Using ground penetrating radar in the investigation of LNAPL contamination within a controlled environment

Electrical resistivity, electromagnetic induction and ground-penetrating radar are state-of-the-art geophysical methods that can be effectively used for the detection of underground contamination of soils and aquifers. After a thorough understanding of their operation principles, data acquisition procedures and processing, and a literature review that considers their usability for the detection of light non-aqueous phase liquids (LNAPL) in particular, a laboratory test was set in order to assess a controlled fuel oil spill and injection with GPR. The test experiment evaluated the performance of a 2.0 GHz frequency GPR device in the characterisation of a shallow sand tank setup. The test was divided into different situations involving acquisitions for two different levels of water saturation, and two acquisitions after the addition of fuel oil to one of the sides of the tank for comparison purposes.

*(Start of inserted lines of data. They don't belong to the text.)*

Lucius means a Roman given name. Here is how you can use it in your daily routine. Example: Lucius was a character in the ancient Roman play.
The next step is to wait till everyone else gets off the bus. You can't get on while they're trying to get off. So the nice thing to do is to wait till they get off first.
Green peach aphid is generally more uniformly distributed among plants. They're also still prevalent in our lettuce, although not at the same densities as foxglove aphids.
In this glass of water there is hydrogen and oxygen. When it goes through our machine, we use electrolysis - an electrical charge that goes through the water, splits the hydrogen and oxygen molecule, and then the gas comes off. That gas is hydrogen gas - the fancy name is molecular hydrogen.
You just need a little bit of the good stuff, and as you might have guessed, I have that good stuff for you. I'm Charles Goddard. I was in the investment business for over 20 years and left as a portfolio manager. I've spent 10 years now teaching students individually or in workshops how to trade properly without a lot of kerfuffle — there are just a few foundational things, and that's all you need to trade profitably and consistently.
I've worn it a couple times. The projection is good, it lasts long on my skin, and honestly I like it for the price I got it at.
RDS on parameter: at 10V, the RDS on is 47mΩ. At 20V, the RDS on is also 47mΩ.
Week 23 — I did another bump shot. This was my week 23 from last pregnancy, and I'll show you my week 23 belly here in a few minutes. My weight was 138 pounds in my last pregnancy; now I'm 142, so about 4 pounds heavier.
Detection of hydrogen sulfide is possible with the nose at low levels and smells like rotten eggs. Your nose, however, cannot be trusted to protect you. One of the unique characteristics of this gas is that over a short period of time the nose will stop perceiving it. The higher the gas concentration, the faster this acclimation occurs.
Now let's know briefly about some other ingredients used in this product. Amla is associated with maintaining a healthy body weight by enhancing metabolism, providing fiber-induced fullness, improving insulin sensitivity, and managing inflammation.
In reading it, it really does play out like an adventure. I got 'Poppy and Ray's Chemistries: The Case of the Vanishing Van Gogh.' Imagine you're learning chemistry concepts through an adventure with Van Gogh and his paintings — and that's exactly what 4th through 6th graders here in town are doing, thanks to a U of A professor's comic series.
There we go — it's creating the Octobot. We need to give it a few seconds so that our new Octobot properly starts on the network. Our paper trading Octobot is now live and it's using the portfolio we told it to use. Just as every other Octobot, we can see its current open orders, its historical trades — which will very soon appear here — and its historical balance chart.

The profile images obtained showed a travel time delay associated with increasing water content and a high amplitude anomaly in the contaminated zone of the tank for the contaminated scenario, with an increasing amplitude proportional to the volume of free-phase fuel oil injected. The high frequency of the antenna provided an outstanding resolution for the radargrams, and the wave velocity and relative dielectric permittivity of the materials were estimated from their reflection profiles.